Amazon also have a current high-end 9″ screened tablet ($380 – $580), a 6″ screen tablet that is now rather superseded by the new generation ($100) and a rugged 7″ tablet designed for children and harder to break ($100).
We bought one each of their new 7″ and 8″ tablets and they arrived on Wednesday. This review discusses them and hopefully helps you decide which among the large Amazon family of tablets would be best for you – or should you ‘play safe’ and get an iPad instead?

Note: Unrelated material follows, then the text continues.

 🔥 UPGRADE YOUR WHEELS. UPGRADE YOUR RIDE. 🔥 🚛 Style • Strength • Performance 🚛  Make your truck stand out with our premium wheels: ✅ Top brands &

Let’s start with a table summarizing the important differences between the main models in Amazon’s family
|Screen size||7.0″ diagonal|
3.5″ x 6.0″
4.2″ x 6.8″
4.7″ x 7.6″
5.5″ x 8.6″
|Screen resolution||1024 x 600|
|1280 x 800|
|2560 x 1600|
|1280 x 800|
|Screen area||21 sq in||28.6 sq in||35.6 sq in||46.1 sq in|
|External dimensions||7.5″ x 4.5″ x 0.4″||8.4″ x 5.0″ x 0.3″||9.1″ x 6.2″ x 0.3″||10.3″ x 6.3″ x 0.3″|
|Weight||0.69 lb||0.69 lb||0.84 lb||0.95 lb|
|Cameras||1.2/0.3 MP||5/0.9 MP||8/0.9 MP||5/0.9 MP|
|Internal storage||8 GB||8/16 GB (+$20)||16/32/64 (+$20/50)||16/32 GB (+$30)|
|External storage||Yes, Micro SD||Yes, Micro SD||No||Yes, Micro SD|
|Wi-Fi||Single band 2.4 GHz b/g/n||Dual band 2.4 and 5.0 GHz a/b/g/n/ac||Dual band dual antenna 2.4 and 5.0 GHz a/b/g/n/ac||Dual band 2.4 and 5.0 GHz a/b/g/n/ac|
|Wireless||No||No||Option + $100||No|
|GPS||No||No||Included with wireless option||No|
|Battery life||‘Up to 7 hours’ of mixed use||‘Up to 8 hours’ of mixed use||12 hours of mixed use||‘Up to 8 hours’ of mixed use|
|Operating System||Subset of Android 5||Subset of Android 5||Subset of Android 4|
(possible future upgrade to Android 5)
|Subset of Android 5|
|Price||$49.99 (or six for $249.95)||$149.99 or $169.99||$379.99 and up||$229.99 or $259.99|
Now, how to make sense of the almost 80 pieces of data contained in the above table? This depends a bit on how you expect to use the device – for example some people will need more battery life than others (but remember that you can always get an external battery to recharge your device with so don’t let battery life dominate your thinking too much).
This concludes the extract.